In message , Paul Giverin writes
Sorry, that was a bit opaque. OK, for the Civic Type-R I used to own, I've got a spreadsheet with 20,000 miles or so of fills, mileage and whether it was Optimax or 95RON. So, knowing the volume of the tank, the composition of the petrol in before filling and the type of petrol added, I can calculate what % Optimax the car was running on for that fill.
It's then possible mathematically to work out whether high values of % Optimax are associated with high values of miles per gallon more often than can be explained just by random coincidence. One such test is Kendall's correlation coefficient. It's part of a branch of statistics called "nonparametric statistics", which deals with data by ranking it rather than by looking at the actual values. The main advantage of nonparametric methods is that they make fewer assumptions about the underlying data and are less likely to "see things that aren't there". IOW, they're generally more conservative.

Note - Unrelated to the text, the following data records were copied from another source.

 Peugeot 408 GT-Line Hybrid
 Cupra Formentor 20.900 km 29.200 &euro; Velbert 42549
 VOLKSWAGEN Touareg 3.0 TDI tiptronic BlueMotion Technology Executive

Anyway, applying that tells me that the more Optimax was in the tank, the more likely I was to get higher mpg. Taking a bit of a liberty and using another statistical method to fit a straight line to the data tells me that it's only worth an extra 1.6 miles per gallon at 100% Optimax, and that there's a shit load of scatter. So I'd only see that extra 1.6 miles per gallon averaged out over thousands of miles, and it wasn't worth the difference in the price of Optimax.

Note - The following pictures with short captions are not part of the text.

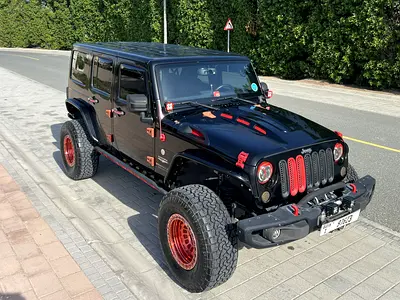 2014 Jeep Wrangler Unlimited JK Sahara | Monster Build | Falcon Shocks | Fully Loaded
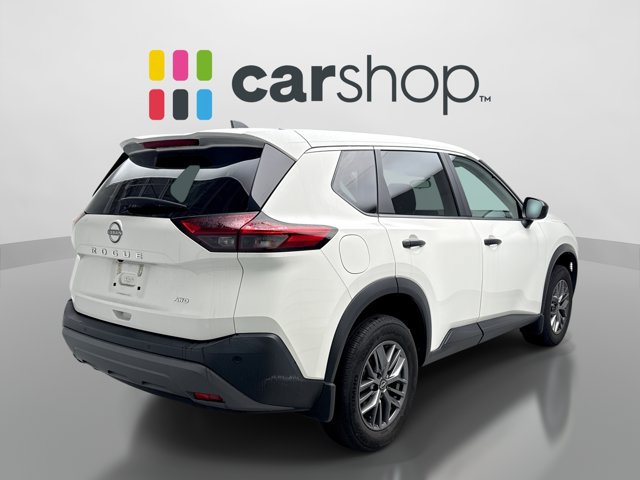 Used 2023 Nissan Rogue S AWD/4WD image 5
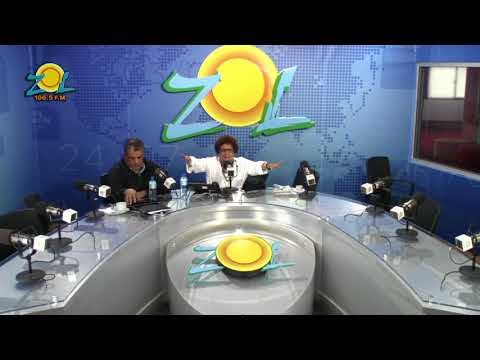 Angel Acosta y Consuelo Despradel comentan sobre la Ley de Partidos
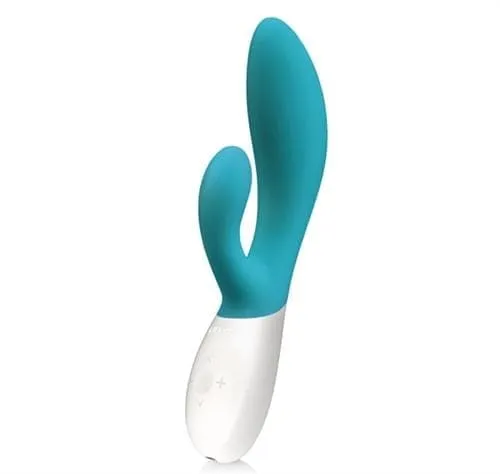 Lelo Vibrators Ina Wave Blue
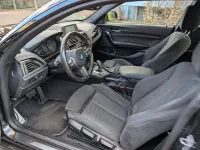 Gebraucht BMW M240i M Sport 340 PS (250 kW) 2017 Schwarz Coupé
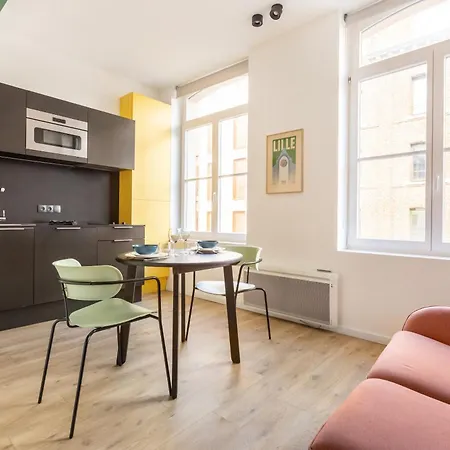 Apartamento Au Qui Dort - Magasin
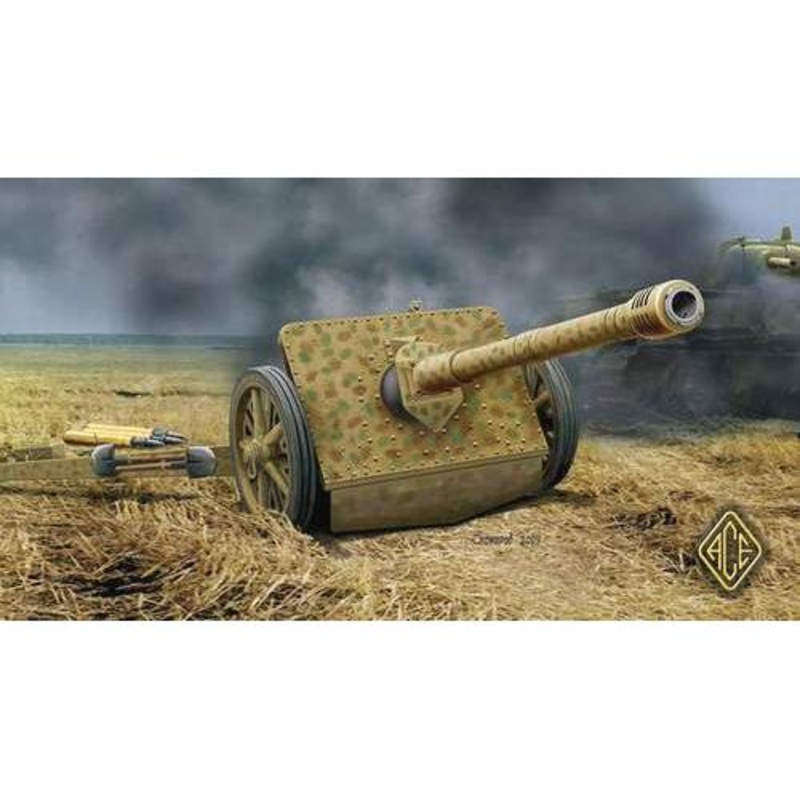 1/72 7.5cm Panzerabwehrkanone 41 (PaK 41)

You can't do the same analysis for Matthew's data, because while I randomly stuck the odd tank of Optimax in, he more or less used nothing else for 12 months. So an alternative approach is to divide his data into two groups, tanks of 95RON and tanks of Optimax/VPower. You can then use a different statistical method to determine whether any difference in miles per gallon between them is likely to be down to chance. A suitable non-parametric test for this is called the Mann-Whitney U-test. You basically put both lists of mpg numbers together, sort them and number them with their rank. Then you separate them, throw away the raw number and keep the rank, like this:
95RON 30, 29, 33, 28, 31 Optimax 30.5, 32, 34, 36mpg rank fuel
28 1 95 29 2 95 30 3 95 30.5 4 Opt 31 5 95 32 6 Opt 33 7 95 34 8 Opt 36 9 Opt95 RON 1,2,3,5,7 sum = 1+2+3+5+7 = 18 Optimax 4,6,8,9 sum = 4+6+8+9 = 27
You then add the ranks up for each group and plug the sum of the ranks and the number of items in each group into a formula and end up with a number you can look up in a statistical table. By comparing the number you found with the number in the table, you can determine the probability that using Optimax or 95RON actually made no difference to fuel consumption, and any apparent difference was just down to chance. For Matthew's data, it's less than 1 in 20. So we can be 95% sure that Matthew's car gave better mpg when he was running it on Optimax than when he was running it on 95RON.
But, there's a problem; there is no control for all of the other factors which could affect fuel consumption. Almost all of the Optimax data is from May 2006-April 2007, 47000-58000 miles. Maybe it's just because by then the car was fully run in. Maybe his pattern of journeys or his driving style changed. Maybe the weather was milder. Who knows?
Clear as mud?